Lecture 2: The Idea of God
Van Inwagen presents a list of the ‘divine attributes’. He tries to answer the question: To what extent is it possible to revise the traditional list of divine attributes without simply replacing the concept of God with another concept?
Lecture 3: Philosophical Failures
The thesis of these lectures is that the argument from evil is a failure. But what is it for a philosophical argument to fail? He proposes that a philosophical argument fails if it cannot pass a certain test. The test is an idealization of a debate in the ‘Oxford Union’ sense of debate. That is, the argument is presented by an ideal proponent of the argument to an ideal audience that is, initially, truly neutral about its conclusion; the proponent lays out the argument in the presence of an ideal critic whose brief it is to point out any weaknesses it may have to the audience of ‘ideal agnostics’. If—given world enough and time—the proponent of the argument is unable to convince the audience that they should accept the conclusion of the argument, the argument is a failure.
Lecture 4: The Global Argument from Evil
The global argument from evil proceeds from a premise about the totality of the evil that actually exists. Having examined and refuted the popular contention that there is something morally objectionable about treating the argument from evil as ‘just one more philosophical argument’, van Inwagen examines the argument presented to an audience of ideal agnostics, and the beginnings of an exchange between Atheist, an idealized proponent of the argument, and Theist, an idealized critic of the argument. The idea of a ‘defence’ is introduced: that is, the idea of a story that contains both God and all the evils that actually exist, a story that is put forward not as true but as ‘true for all anyone knows’. He represents Theist as employing a version of the ‘free-will defence’, a story according to which the evils of the world result from the abuse of free will by created beings.
Lecture 5: The Global Argument Continued
He examines three philosophical theses about free will, each of which would, if it were true, refute or raise difficulties for Theist’s attempt to reply to the argument from evil by employing the free-will defence: 1) that free will is compatible with determinism; 2) that an omniscient being would know what anyone would freely do in any counterfactual circumstances; 3) that free will is incompatible with divine foreknowledge. Having shown how Theist can show that these theses are doubtful (Theist’s use of the free-will defence does not require him to refute the theses), he passes on to a consideration of one of the sharpest arrows in Atheist’s quiver, ‘natural evil’—that is, suffering due to natural events that are not caused by acts of human will, free or unfree. He represents Theist as employing a version of the free-will defence that supposes a primordial separation of our remote ancestors from God, and as defending the conclusion that, according to this story, the suffering of human beings is caused by the abuse of free will. He invites the audience to consider carefully the question whether ‘ideal agnostics’ would indeed react to this story by saying, ‘That story is true for all we know.’
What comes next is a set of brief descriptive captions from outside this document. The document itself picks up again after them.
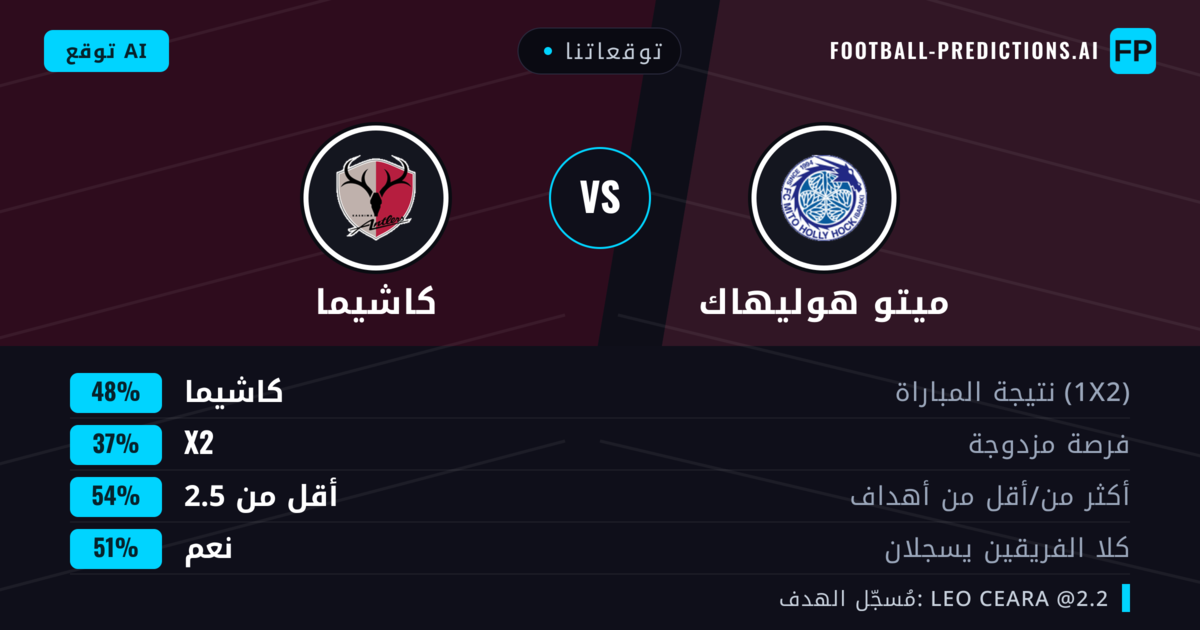 توقعاتنا: ميتو هوليهاك ضد كاشيما — كاشيما — فوز (52%); أقل من 2.5; هدفين أو أكثر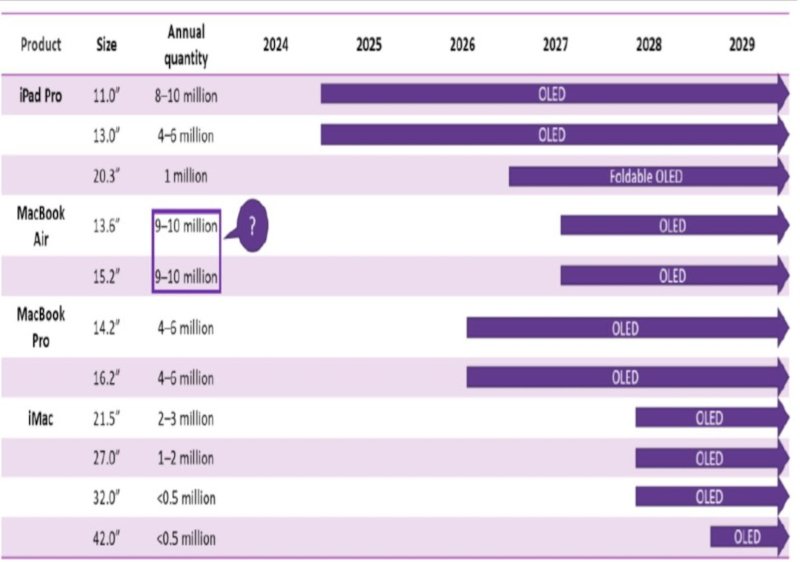 57135-116198-001-OLED-roadmap-xl.jpg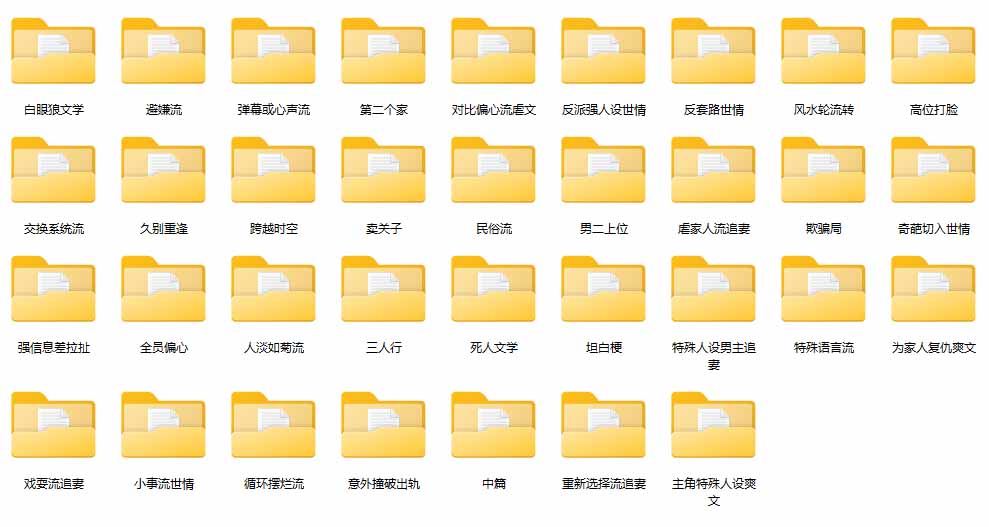 图片[1]-某社群百人拆文交流群付费资源-更新0929：千本爆款短篇拆解+每日拆文案例+网感训练+原创写作方法-小本创业副业项目推荐_零成本在家赚钱项目_中赚网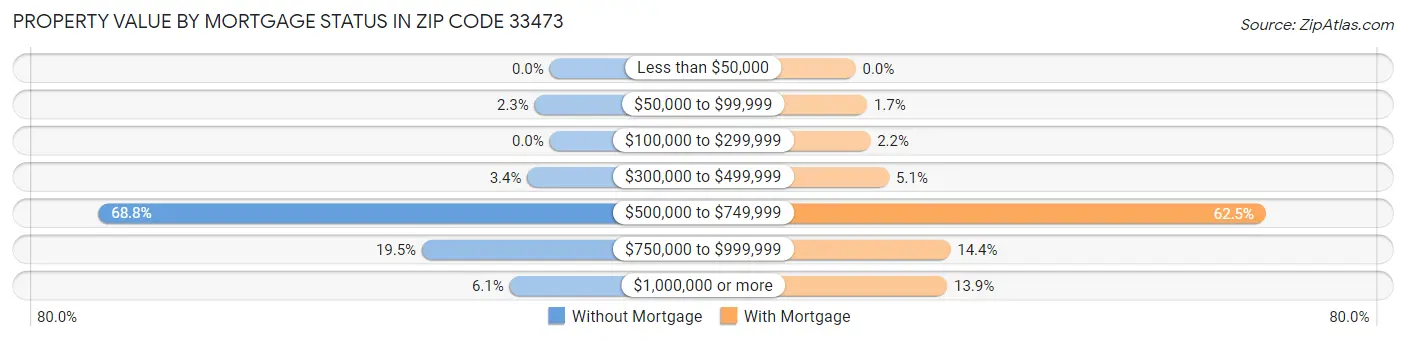 Property Value by Mortgage Status in Zip Code 33473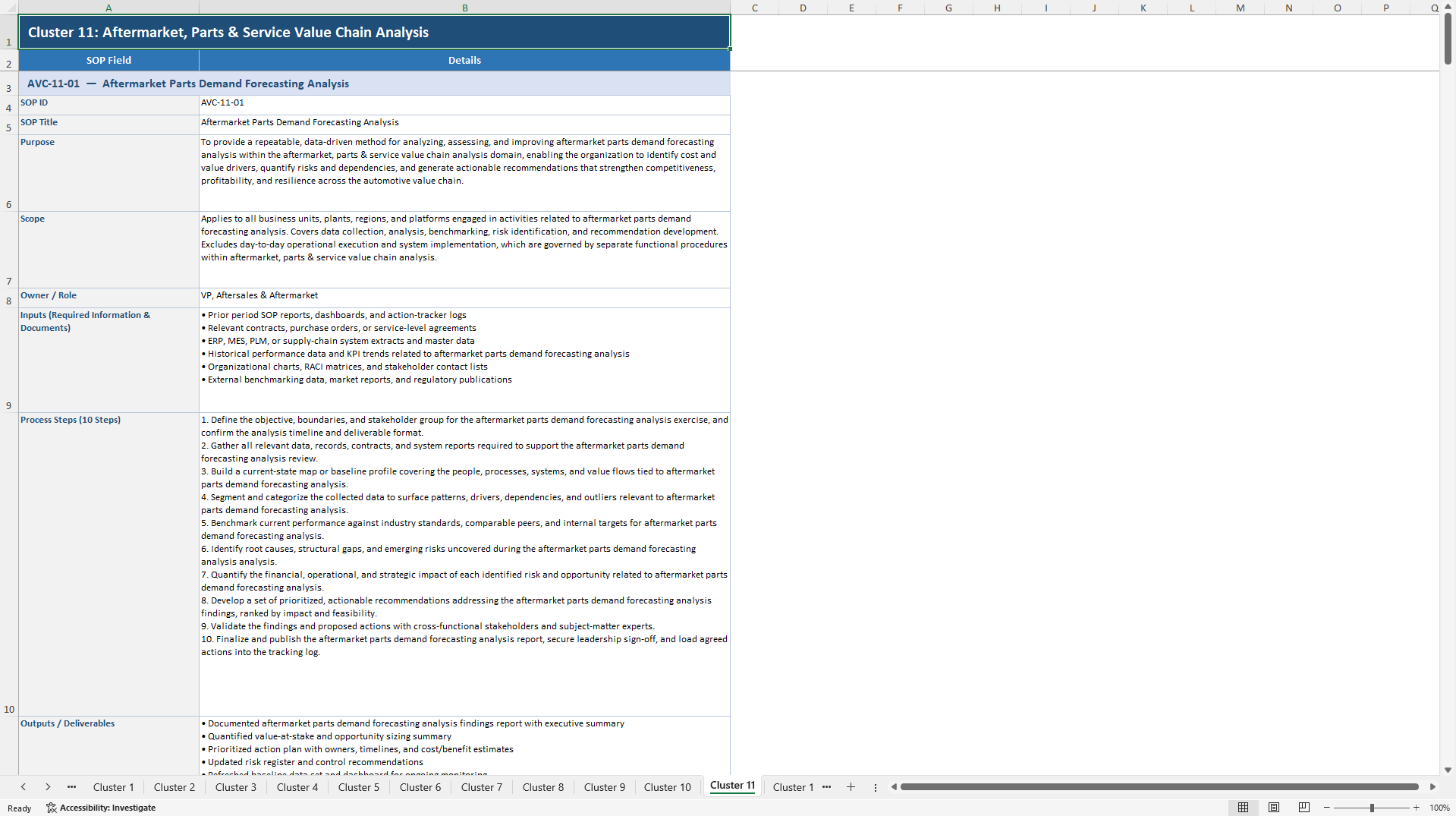 100+ Automotive Value Chain Analysis SOPs (Excel template (XLSX)) Preview Image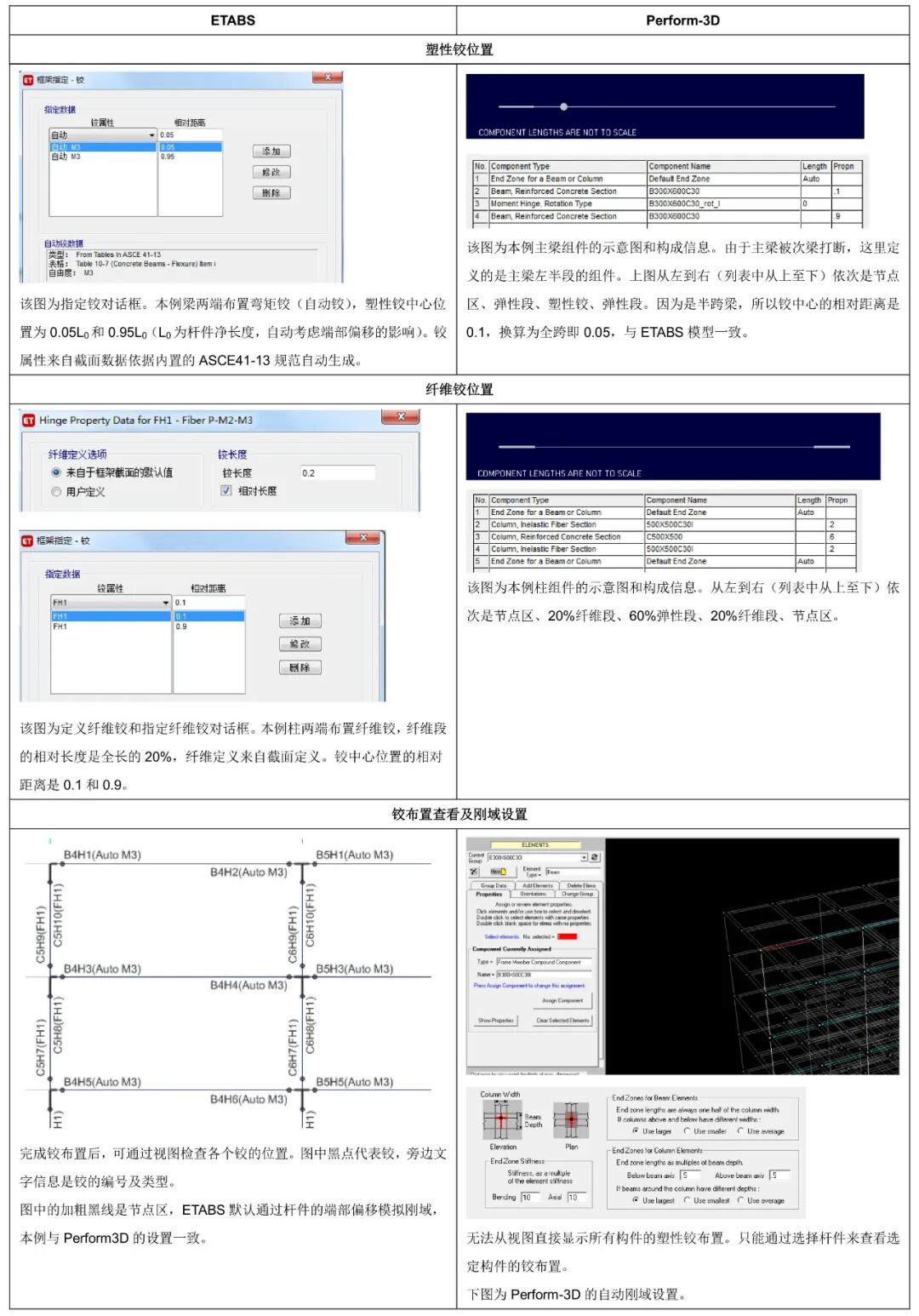 【JY】ETABS与Perform3D弹塑性分析功能对比示例的图11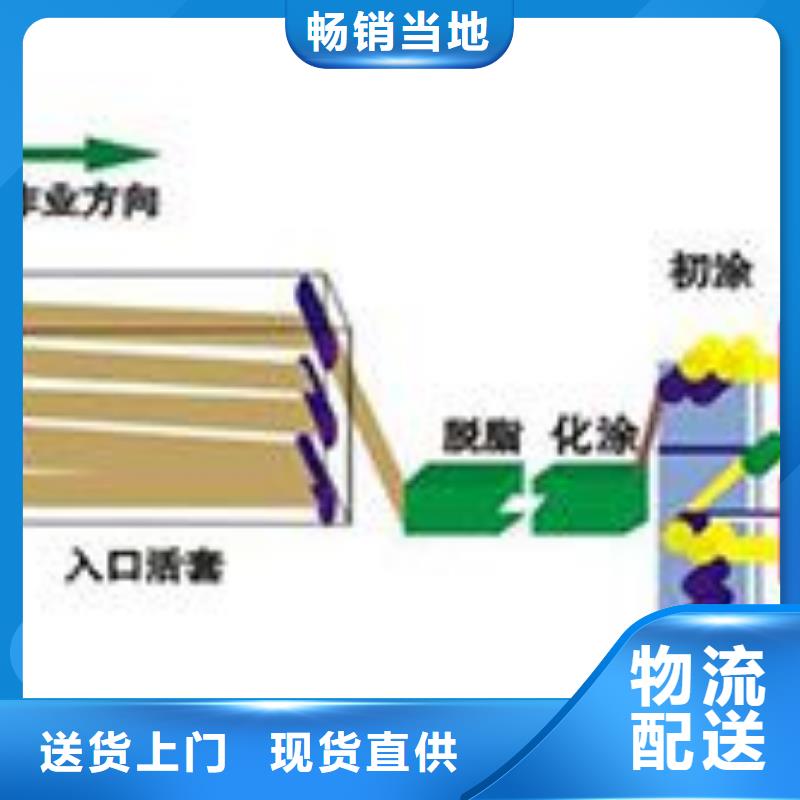 现货供应型钢的厂家价格实惠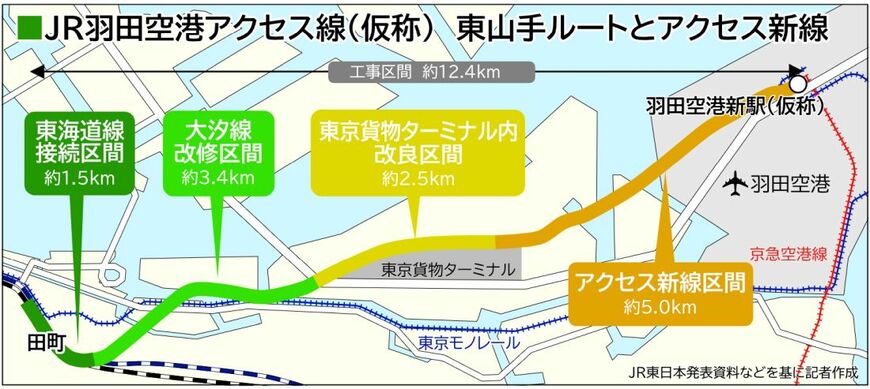 JR羽田空港アクセス線の概略図（記者作成）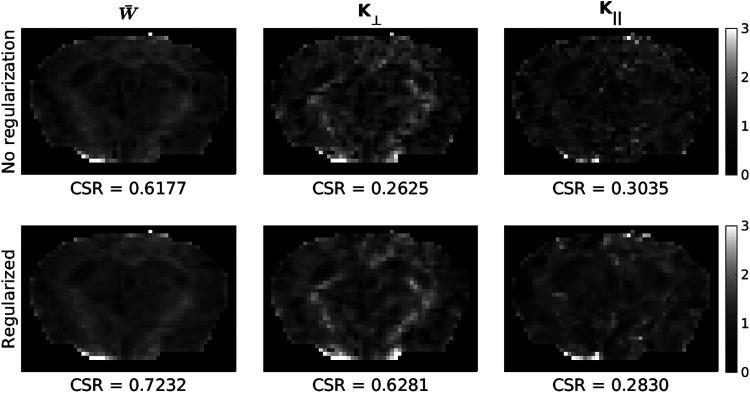 https://cdn.ncbi.nlm.nih.gov/pmc/blobs/19f1/12224416/3cca1a2cec7a/imag_a_00055_fig6.jpg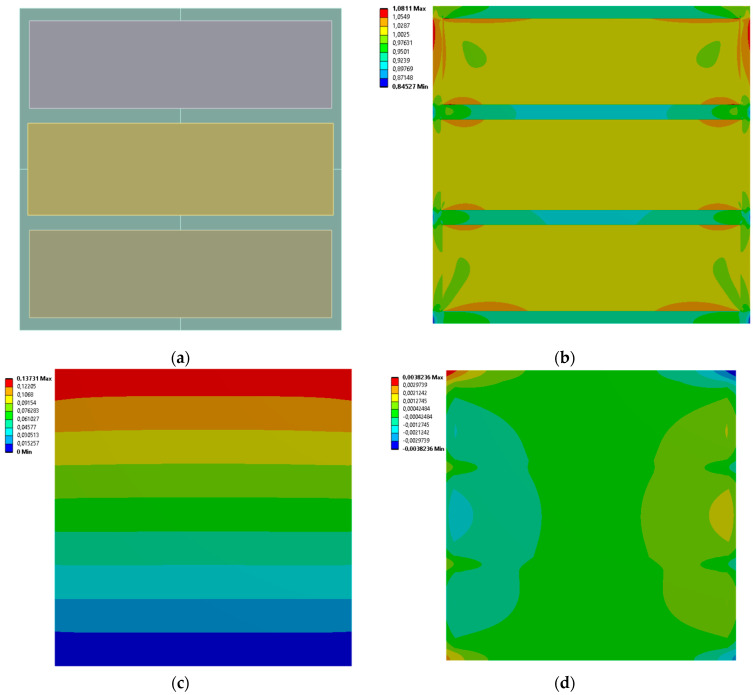 Figure 13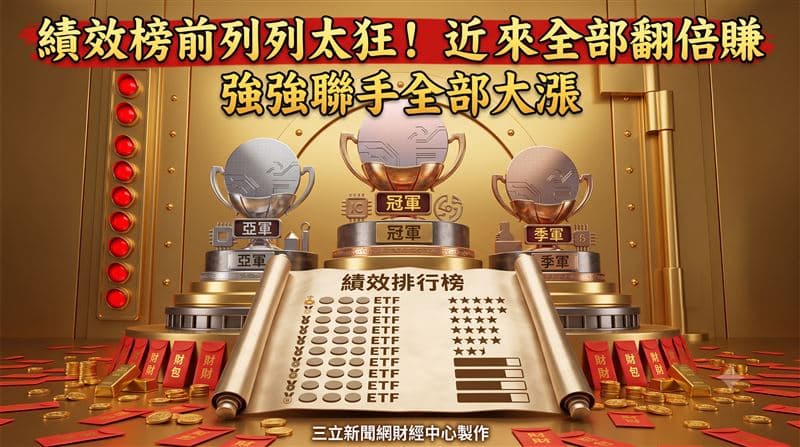 績效榜前10名太狂!近1年報酬全翻倍賺 8強全部漲逾130%(新聞配圖)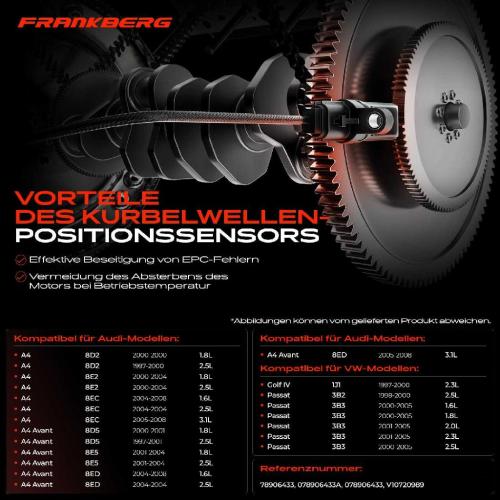 1x Kurbelwellensensor Impulsgeber für VW Golf IV Passat Bora Audi A4 A6 A8 Skoda Superb I Seat Bild 1x Kurbelwellensensor Impulsgeber für VW Golf IV Passat Bora Audi A4 A6 A8 Skoda Superb I Seat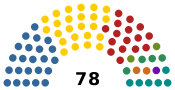 Senado PN.svg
Lecture 6: The Local Argument from Evil
Local arguments from evil proceed not from a premise about ‘all the evils of the world’, but from a premise about a single horrible event. They take the form, ‘If there were a God, that would not have happened.’ He defends the conclusion that even if Theist’s arguments in the two previous lectures are indisputably correct, they do not refute the local argument, which is really an argument of a quite different kind. If Theist’s response to the global argument is correct, it provides materials from which a reply to the local argument can be constructed. This reply, oddly enough, turns on considerations of vagueness.
Lecture 7: The Sufferings of Beasts
Since there were non-rational but sentient organisms long before there were human beings, the free will defence cannot account for the sufferings of those organisms. (At one time, it might have been possible to say that the sufferings of beasts were due entirely to corruption of nature that was consequent on our first ancestors’ separating themselves from God. It is obviously no longer possible.) He presents a defence that purports to account for the sufferings of pre-human beasts and all the more recent sufferings of beasts that cannot be ascribed to the abuse of free will by human beings.
Lecture 8: The Hiddenness of God
The problem of evil can sometimes seem to be a special case of a more general problem, the seeming absence of God from the world, the conviction that, if there is a God at all, he is ‘hidden’. In this lecture, he raises the question: What does it mean, what could it mean, to say that God is hidden? The answer to this question, according to the lecturer, turns on an understanding of the divine attribute of omnipresence. When this attribute is properly understood, the conviction that God is in any sense hidden can be seen to make no sense. He considers this question: Why does God not make his reality manifest to us by causing obviously miraculous events that are plainly visible to everyone?